§1. Légitimité monétaire et appropriation

À partir du moment où la monnaie est perçue comme un mode d’expression et d’appartenance à la totalité sociale, elle ne peut être imposée [Aglietta et Orléan (eds), 1995, 1998 ; Blanc, 1998a]. Elle ne peut non plus résulter des seuls calculs individuels, nous l’avons vu plus haut. Il n’y a ni souveraineté absolue de l’autorité monétaire, ni souveraineté absolue des acteurs. L’acceptation de la monnaie résulte nécessairement d’un « compromis », d’une « alliance » entre les ordres économique et politique [Thérêt, 1995, 1998]. Elle doit être considérée comme légitime, la légitimité étant entendue comme

‘« l’ensemble des processus complexes par lesquels la monnaie est acceptée pleinement au sein d’une communauté » [Aglietta et Orléan, 1995, p. 11]. ’

Cette question de la légitimité soulève d’emblée celle de la confiance.

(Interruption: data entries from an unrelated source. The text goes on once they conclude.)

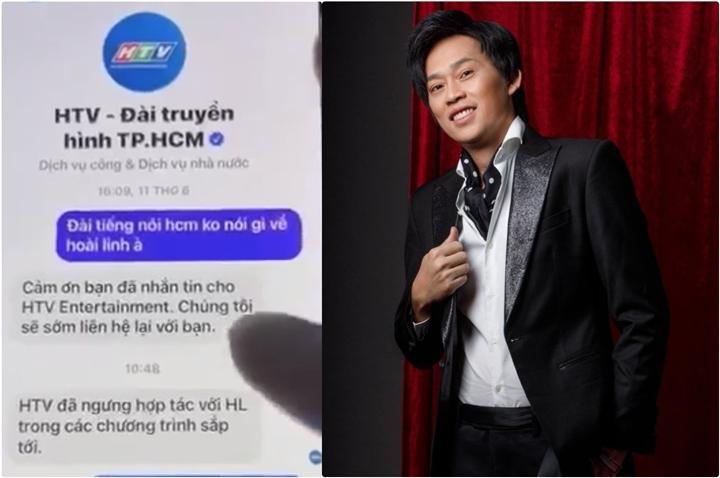 Xôn xao thông tin Hoài Linh bị cấm sóng: Đài HTV nói gì?-1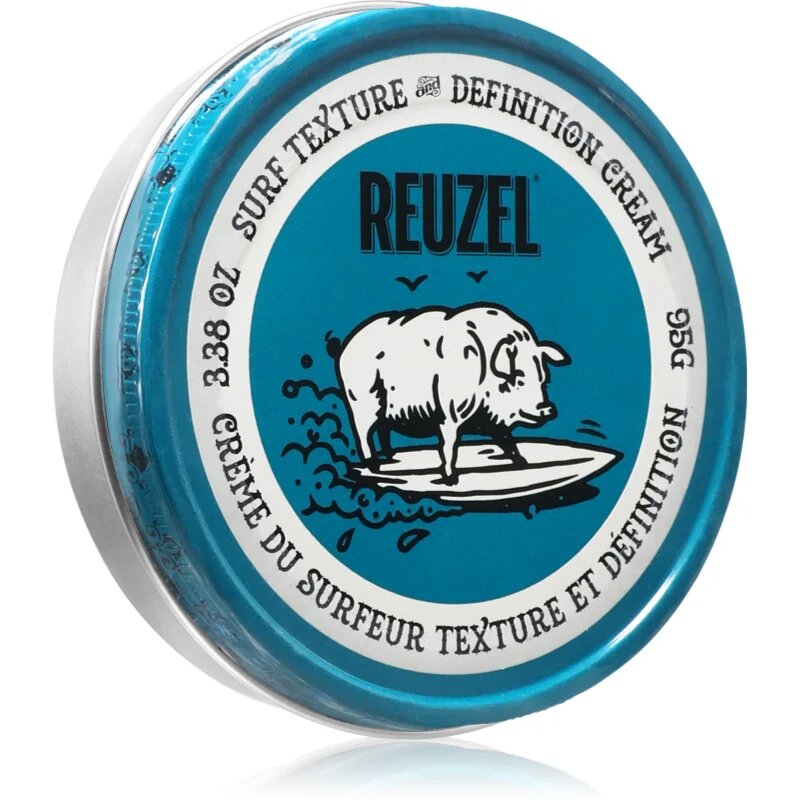 Reuzel Surf Cream крем за коса за плажен ефект 95 гр.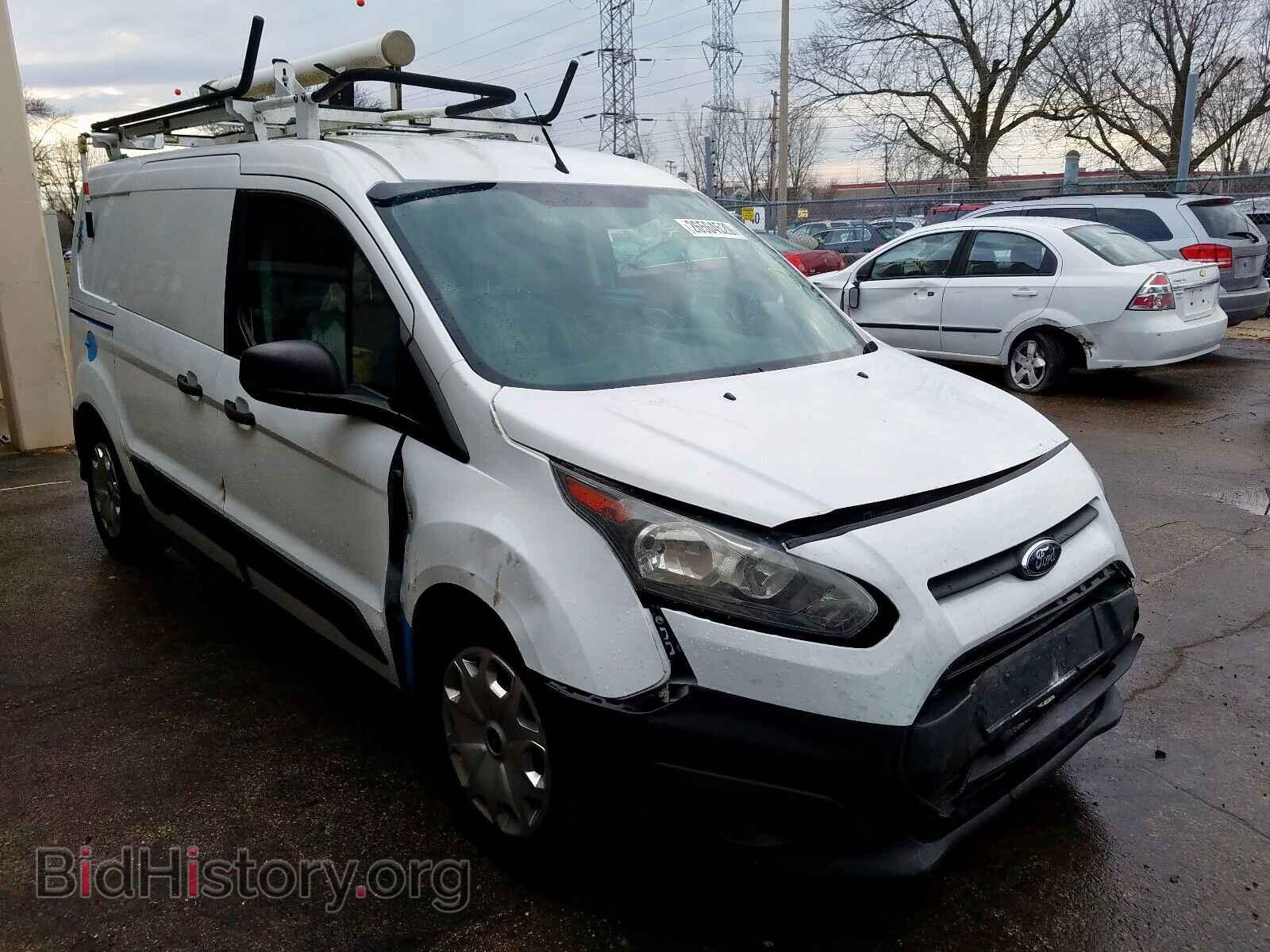 Фотография NM0LS7E77E1172935 - FORD TRANSIT CO 2014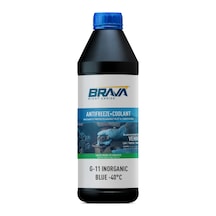 İnorganik 1 Lt G-11 Antifriz Mavi -40 C Mavi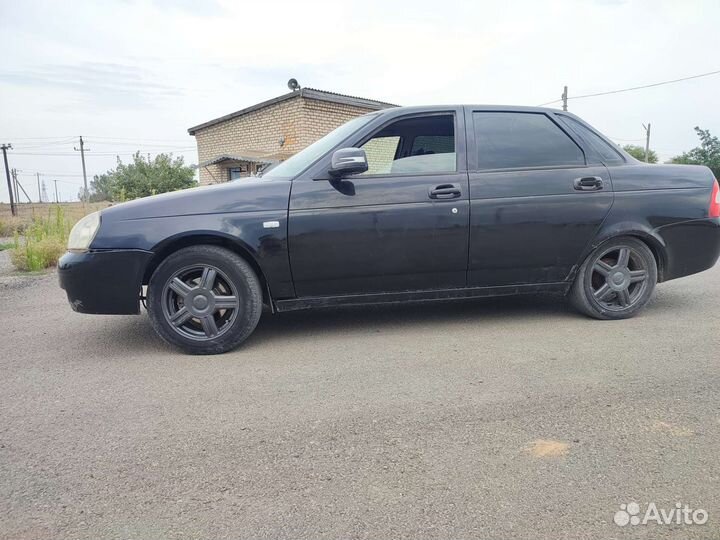 LADA Priora 1.6 МТ, 2007, 154 494 км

Confiance et légitimité sont étroitement liées. Il est possible cependant de distinguer les deux notions [Reynaud, 1998]. La confiance est une relation : relation entre deux sujets ; entre un sujet et une institution (par exemple l’institution monétaire) ; ou encore relation entre un sujet et un objet : par exemple les instruments monétaires qui matérialisent la monnaie. On dira ainsi : avoir ou ne pas avoir confiance envers telle ou telle monnaie. La légitimité désigne le processus d’acceptation : acceptation d’une règle, d’un pouvoir ou plus généralement d’une institution. Le pouvoir légitime devient autorité. Une institution légitime est une institution acceptée, à laquelle on obéit, mais sans que cette obéissance soit soumission. Inversement, une institution illégitime est une institution que l’on refuse, sans pour autant que ce refus soit possible, auquel cas c’est la soumission. La confiance décrit alors le lien entre le ou les sujets et cette institution légitime. On parlera ainsi de monnaies légitimes et illégitimes, de flux monétaires légitimes ou illégitimes.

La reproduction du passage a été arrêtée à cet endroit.